All of the data that follows should be retyped exactly, please, except the pictures.

= = =

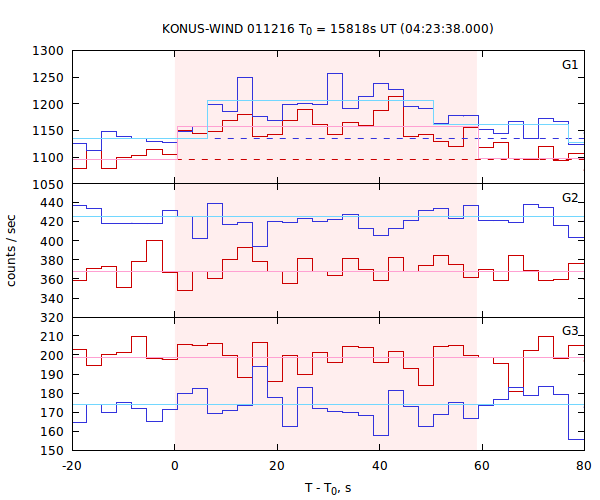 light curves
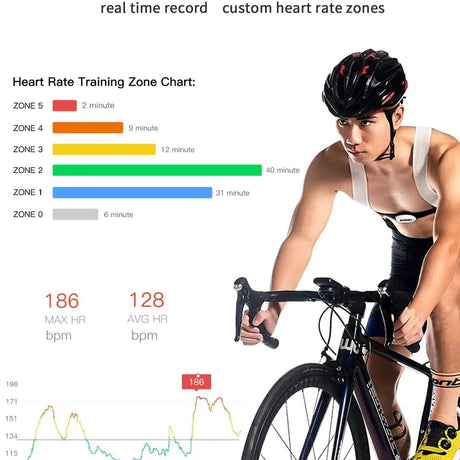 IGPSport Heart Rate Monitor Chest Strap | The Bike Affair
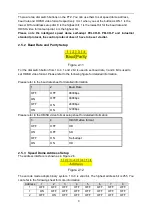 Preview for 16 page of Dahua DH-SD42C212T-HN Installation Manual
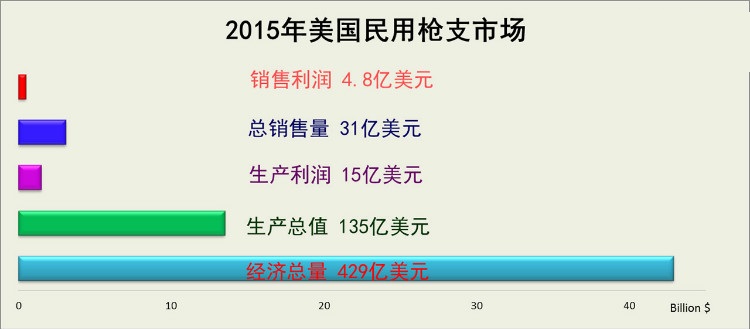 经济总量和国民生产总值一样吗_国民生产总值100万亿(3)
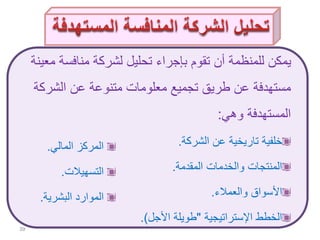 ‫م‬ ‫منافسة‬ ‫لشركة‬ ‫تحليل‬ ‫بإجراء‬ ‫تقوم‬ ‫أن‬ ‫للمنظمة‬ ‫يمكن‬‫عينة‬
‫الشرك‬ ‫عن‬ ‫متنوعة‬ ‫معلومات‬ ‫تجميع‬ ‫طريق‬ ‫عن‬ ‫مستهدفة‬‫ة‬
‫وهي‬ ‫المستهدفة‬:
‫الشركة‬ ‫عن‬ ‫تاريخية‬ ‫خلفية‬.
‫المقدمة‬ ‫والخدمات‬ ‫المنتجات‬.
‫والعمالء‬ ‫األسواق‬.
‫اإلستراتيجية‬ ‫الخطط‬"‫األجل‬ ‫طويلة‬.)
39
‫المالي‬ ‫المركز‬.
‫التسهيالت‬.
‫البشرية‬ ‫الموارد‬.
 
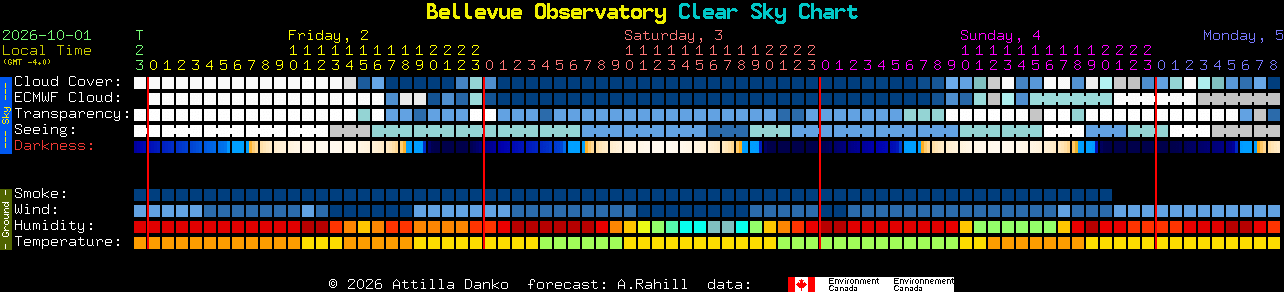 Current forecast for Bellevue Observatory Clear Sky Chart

= = =

• Output:
 light curves
 IGPSport Heart Rate Monitor Chest Strap | The Bike Affair
 Preview for 16 page of Dahua DH-SD42C212T-HN Installation Manual
 经济总量和国民生产总值一样吗_国民生产总值100万亿(3)
 ‫م‬ ‫منافسة‬ ‫لشركة‬ ‫تحليل‬ ‫بإجراء‬ ‫تقوم‬ ‫أن‬ ‫للمنظمة‬ ‫يمكن‬‫عينة‬
‫الشرك‬ ‫عن‬ ‫متنوعة‬ ‫معلومات‬ ‫تجميع‬ ‫طريق‬ ‫عن‬ ‫مستهدفة‬‫ة‬
‫وهي‬ ‫المستهدفة‬:
‫الشركة‬ ‫عن‬ ‫تاريخية‬ ‫خلفية‬.
‫المقدمة‬ ‫والخدمات‬ ‫المنتجات‬.
‫والعمالء‬ ‫األسواق‬.
‫اإلستراتيجية‬ ‫الخطط‬"‫األجل‬ ‫طويلة‬.)
39
‫المالي‬ ‫المركز‬.
‫التسهيالت‬.
‫البشرية‬ ‫الموارد‬.
 
 Current forecast for Bellevue Observatory Clear Sky Chart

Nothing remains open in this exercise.